The iPad is the new IE6 - ldayley
http://blog.millermedeiros.com/2011/01/ipad-is-the-new-ie6/
======
Yaggo
The title is totally unfair. If iOS 3.x was still widely used in 2020, then
the title would be justified.

> HTML wasn’t created for dynamic/interactive content, it was created to
> present academic documents.

Yep, and the internet was not created for porn, PTFE not for cookware, etc.
Technologies evolve.

> JavaScript performance on iOS is 100x worse than desktop.

No doubt and that's unlikely to change. iPad uses about ~100 times less power
than typical desktop.

> Canvas performance on iOS is so bad that it is barely usable.

Not hardware accelerated == slow on mobile. Hopefully the canvas will be
accelerated, too.

> A lot of people don’t upgrade their software, iOS 3.2 is completely
> different than iOS 4.2 and you should support both.

Should you?

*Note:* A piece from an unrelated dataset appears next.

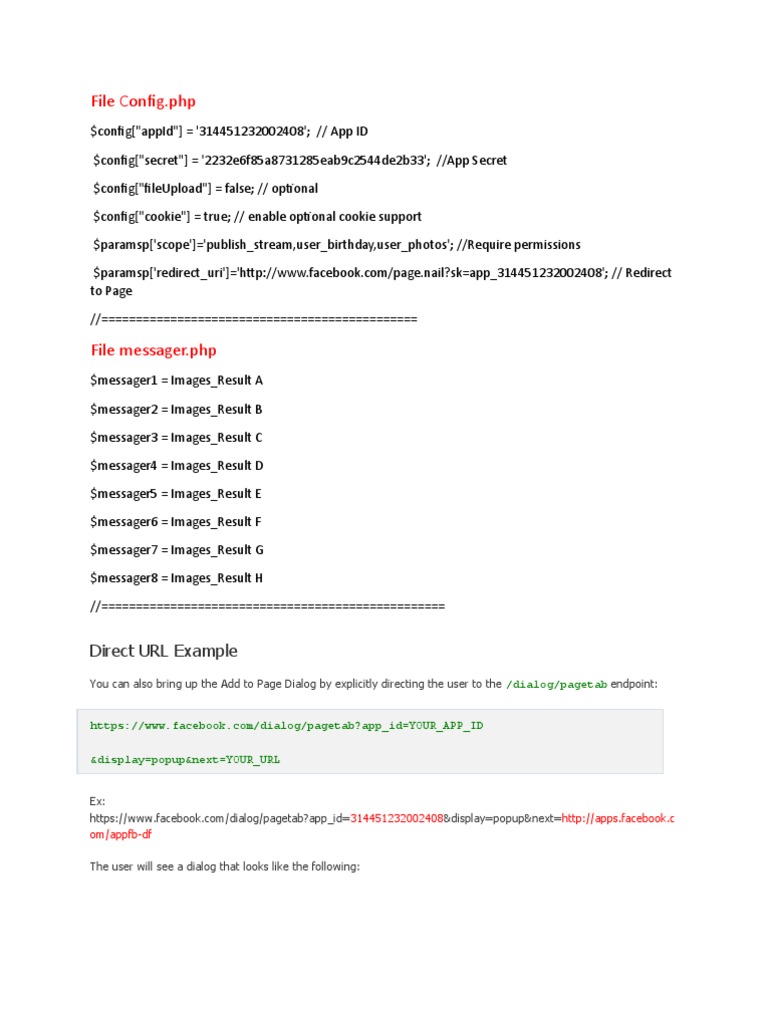 Facebook App Configuration Guide | PDF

We are talking about consumer devices. I think it's totally fair
to ask the user to upgrade their platform (OS/browser) to get new features
(it's free!). That's what Apple is doing, anyway.

> The iOS simulator is different than the actual device.

I agree, would be nice if it emulated the actual performance of iDevice.

> It is very important to note that every single Webkit browser works
> differently and --

That's the curse (or blessing?) of an open source project. Still, WebKit
browsers (eg. Chrome / Safari) differs less than totally different browser
engines. Would you be happier if Chrome had come up with their own engine?

> \-- that older versions of the iOS has many bugs and missing features (the
> new ones as well).

No shit?

> Chrome and Safari have a bunch of rendering problems related with HTML5
> video and CSS3 as well when you start overlaying content and adding CSS
> transitions.

No doubt. That's the price you pay for having multiple implementations of
(loose) spec created by multiple participants. Which is still _far more_
better situation than having one closed implementation created by a single
company for few selected platforms (partially substandard runtimes).

> Android 2.0-2.2 also have many bugs related with HTML5 video.

Not iPad's fault.

> Apple bug tracker sucks, you can’t even see if anyone reported the same bug
> before, I won’t post anything there because of that and because I don’t
> agree with the company policy… -

Apparently Apple too suffers from "big company" syndrome.

> If you are a jerk, I will be a jerk with you as well…

Nice attitude.

> If it works well the end user will not care about which technology was used
> to create it.

Users have no clue, no news here.

> Don’t believe in keynotes, even better, don’t watch them…

Whether you consider it "amazing" or not, arguably Safari for iOS offers the
best browsing experience today in its class (handheld devices) and Apple has
advanced HTML technology a great leap forward.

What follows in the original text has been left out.